Por una democracia al servicio de la gente
Las normas deben estar en equilibrio con los derechos humanos y la voluntad popular
Vvimos tiempos intensos en los que han desaparecidos las certezas, y donde la fatiga de la democracia representativa es uno de los retos de una forma de gobierno que, a pesar de los avances, se adentra por caminos no siempre uniformes.
Hoy, Día Internacional de la Democracia, no podemos silenciar la presencia de sombras ampliadas por el auge de la extrema derecha y los totalitarismos, que alimentan las causas de la desafección democrática, y a las que debemos plantar cara precisamente con más democracia; con políticas inclusivas y valientes, y hacerlo de la mano de las nuevas formas de organización de la sociedad civil.
Conozco de cerca la transición en Sudáfrica, un proceso que parecía casi imposible, y que triunfó gracias a la idea de Nelson Mandela de que, en libertad, nada es posible de forma parcial. Las libertades deben ser completas. La democracia, por tanto, también debe serlo. Dos siglos antes del milagro sudafricano, Thomas Paine ya aseguraba que no se puede ignorar la voluntad del pueblo, y tampoco bloquear los derechos fundamentales. Lo situaba en un marco histórico concreto: la construcción de un espacio democrático por parte de las trece colonias británicas de América del Norte con la proclamación de independencia de 1776, en Filadelfia, a la que se añadiría la Declaración de Derechos del Hombre de Virginia.
Unos años antes, Montesquieu ya advirtió de que “una cosa no es justa porqué sea ley”. ¿Esto conlleva que queramos situarnos por encima de la ley? No. Significa que, en una democracia legítima, nos posicionamos al lado de las leyes justas. Las normas deben estar en equilibrio con los derechos humanos y la voluntad popular, y tienen como objetivos proteger la democracia y hacer posible, a la vez, el ejercicio de mecanismos como el derecho a decidir nuestro futuro colectivo.
En algunas democracias consolidadas la participación directa es práctica habitual. En las elecciones presidenciales de 2018 en los Estados Unidos, los ciudadanos estaban llamados a las urnas para escoger el nuevo inquilino de la Casa Blanca y, también, para opinar en unas setenta consultas sobre el control de armas, la pena de muerte o la legalización de la marihuana, entre otros temas. Si saltamos a Europa, este año los suizos han aprobado en referéndum limitar la posesión de armas.
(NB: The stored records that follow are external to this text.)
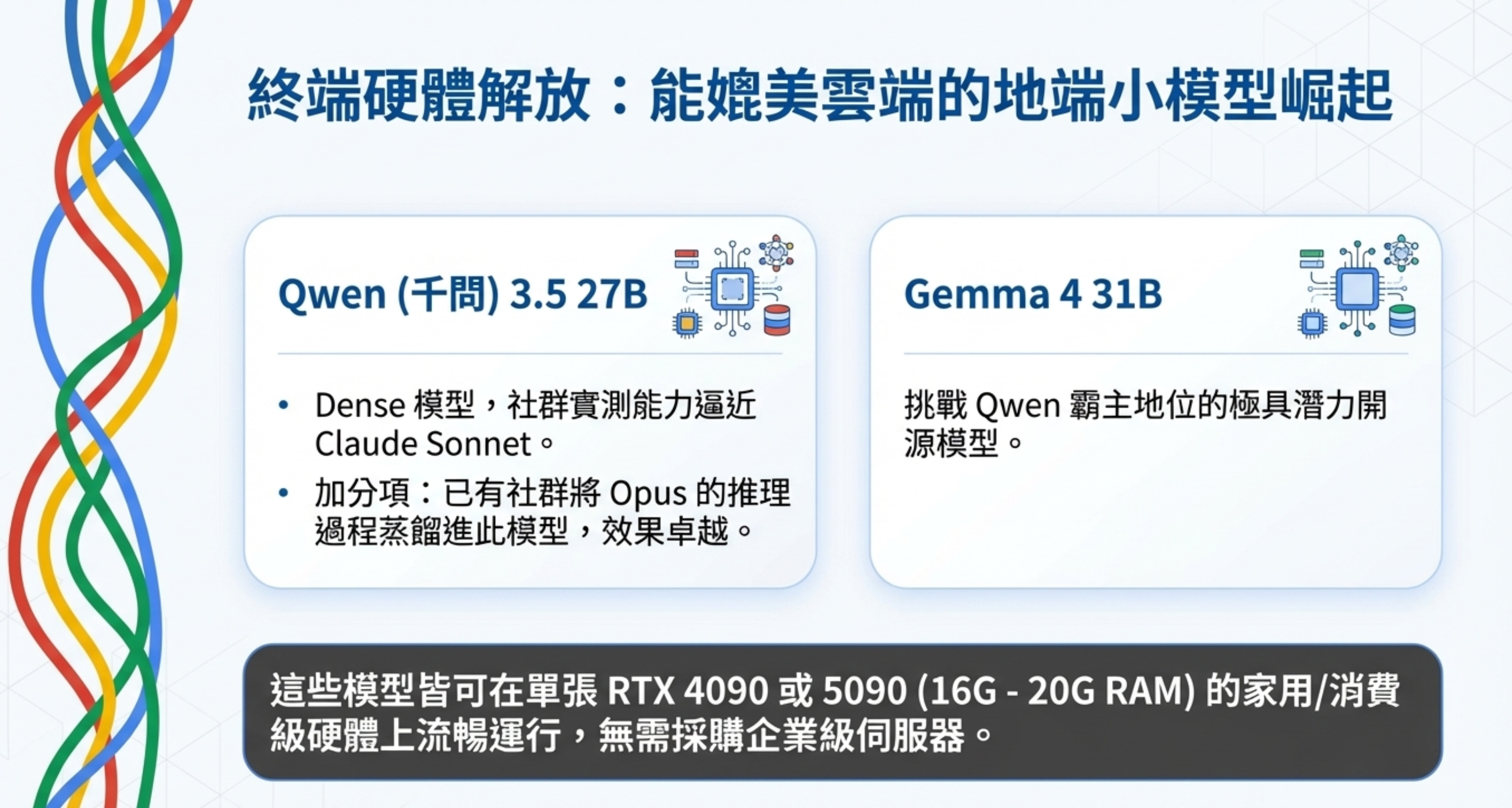 Claude Code 四層壓縮拆解 + 被封殺後的 Agent Infra 生存指南｜Weekly AI Vlog EP16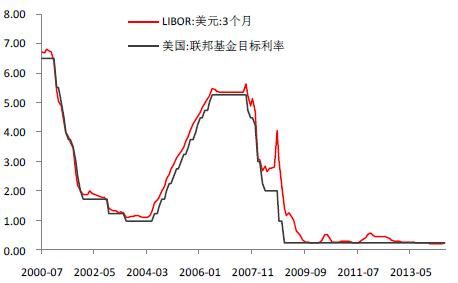 LIBOR是什么意思？外币的libor利息如何测算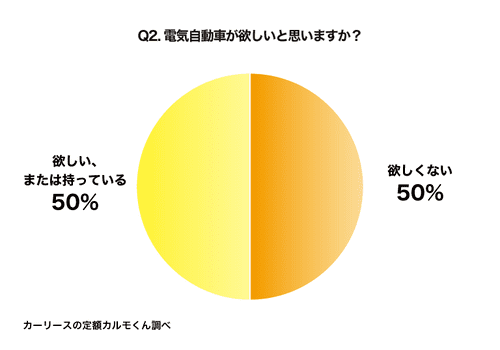 Q2：電気自動車が欲しいと思いますか？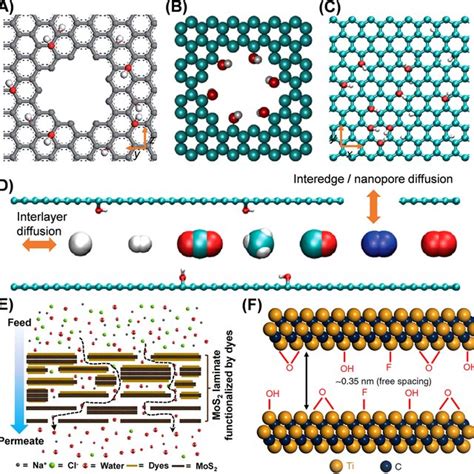 The overview of 2D nanomaterial-based membranes for separation... | Download Scientific Diagram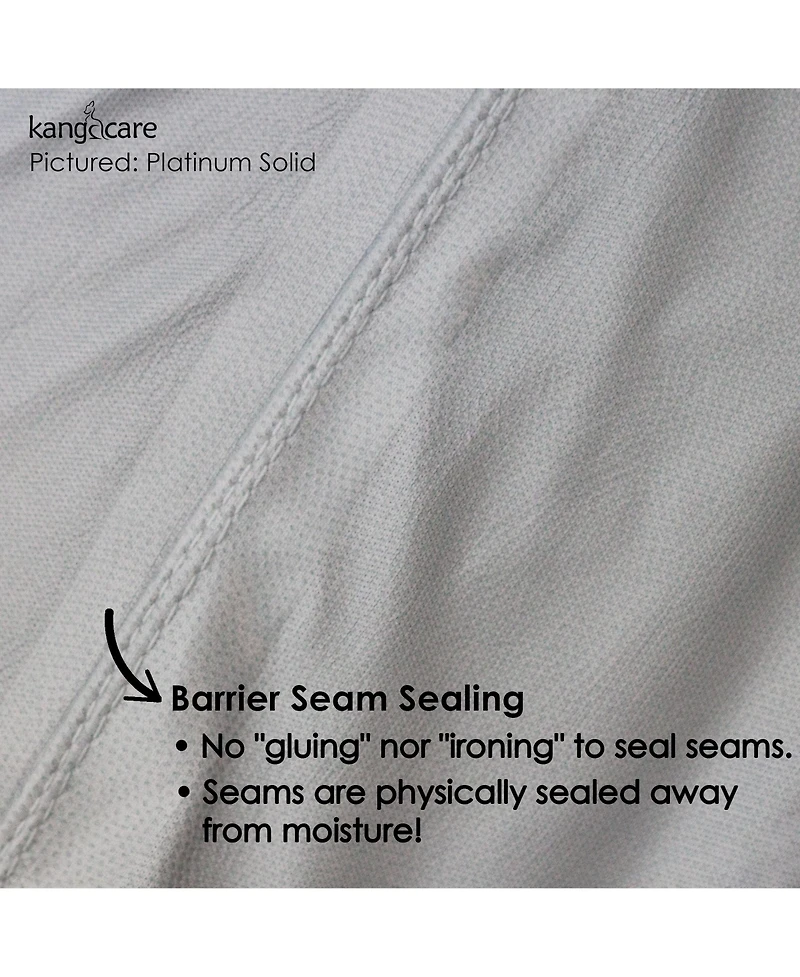 Kanga Care Boys 3D Dimensional Seam Sealed Wet Bag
Todas estas votaciones no han bloqueado el engranaje democrático de estos dos países, una de las críticas que se podría hacer a las decisiones sin intermediarios.
“La voluntad del pueblo será la base de la autoridad de gobierno”, sostiene la Declaración Universal de los Derechos Humanos de la ONU. Es justamente esta la idea que debe guiarnos si queremos fortalecer democráticamente nuestras sociedades. Hace pocas semanas tuve la ocasión de explicar en la sede de Naciones Unidas la reacción del Estado español al referéndum del 1-O, el rechazo al diálogo por parte del Gobierno de Madrid y el mal uso de los conceptos de legalidad y Estado de Derecho para restringir la democracia.
A pesar de tener una visión global, la ONU se pronuncia a menudo sobre los retos locales. En el caso catalán, el grupo de trabajo sobre la detención arbitraria ha pedido la liberación inmediata de las presas y presos políticos. En esta línea, el Gobierno catalán sigue alineado al lado de los que luchan por unas leyes justas, con respeto a los derechos humanos y la voluntad popular.
En estos tiempos intensos, la democracia debe ser capaz de abordar las desigualdades económicas y sociales desde ópticas innovadoras, y debe dar respuesta a desafíos como el choque climático, la inmigración o las desigualdades norte-sur. La democracia, por último, debe saber gestionar unas complejidades donde las constelaciones políticas pueden ir más allá de los modelos que conocemos.
Alfred Bosch Pascual es el consejero de Acción Exterior de la Generalitat.